I was never in the military; I gave up team sports at a relatively young age; and I (depending on who is counting) can be considered part of the millennial generation. All of these factors, plus natural curiosity, lead me to greatly value understanding the “why” behind everything. My recent training experience, combined with my reaction to Sandlin’s video, makes me think that airlines and other companies should consider tailoring their messages to answer the why in order to make the message more effective for a large segment of their audience.
Good financial planning goes hand-in-hand with good communication, and this example is a useful reminder that it is not enough to just deliver sound advice to a client. The adviser should also think about what the client will need in order to internalize that message.
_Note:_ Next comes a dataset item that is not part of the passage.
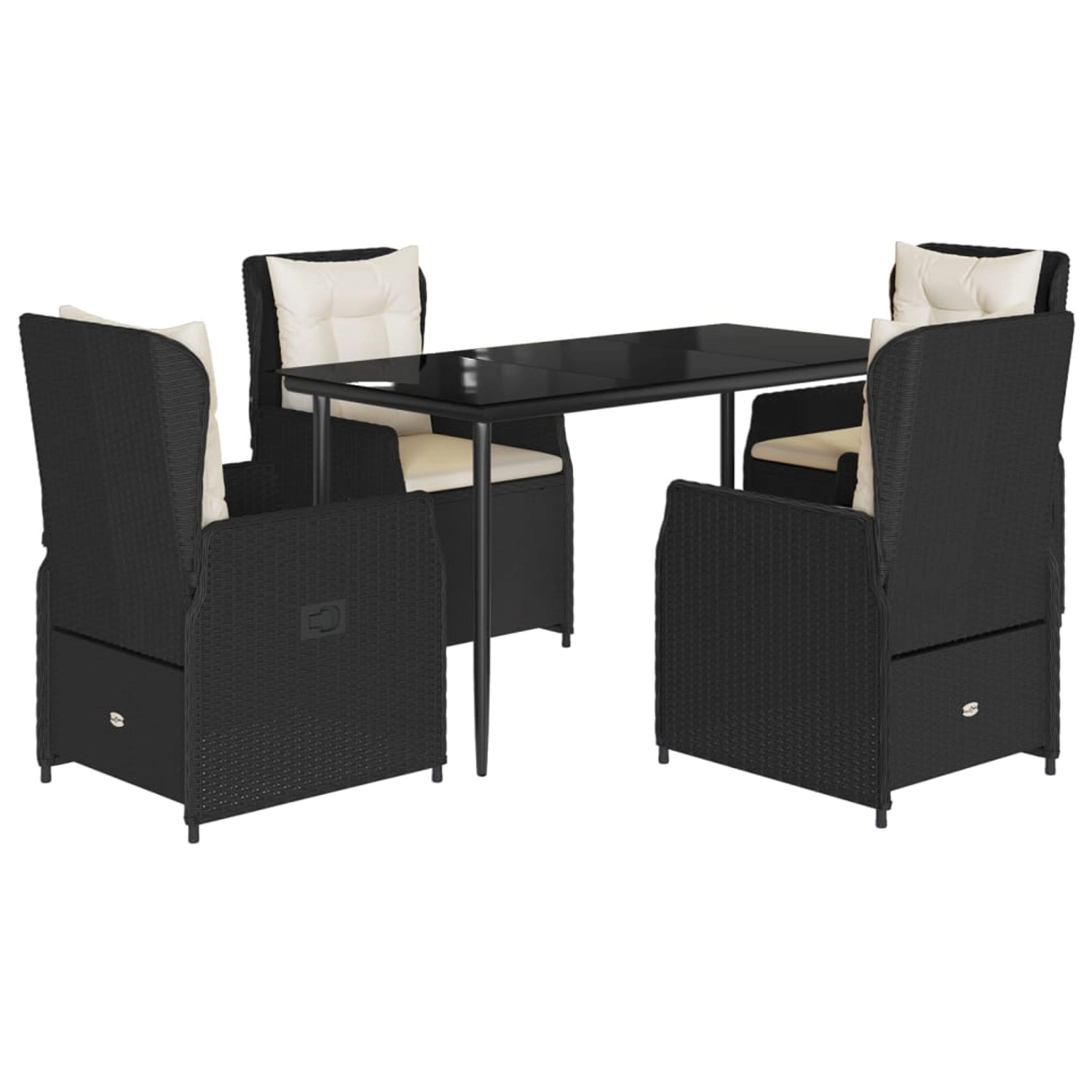 vidaXL 5-Tlg Garten-Essgruppe mit Kissen Schwarz Poly Rattan 3262828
Just as any of us can understand the concept of securing your own mask first when it is only theory but may find it hard to remember in the panic of a true emergency, investors can understand that markets go up and down and still do precisely the wrong thing in the moment anyway. Explaining the why behind an investment strategy or financial planning technique may help some people follow advice, even if the topic is otherwise abstract.
Clients can help their advisers by explicitly letting them know their preferred method of communication and the level of detail and explanation they desire. Even when clients do not say, or possibly do not know, their preferences, smart advisers usually discover them naturally over the course of a relationship.
Trying to understand your natural communication style and the methods that others prefer leads to richer conversations and more productive relationships. This is true whether that relationship is between family members, a financial adviser and a client, or just two seatmates on an airplane.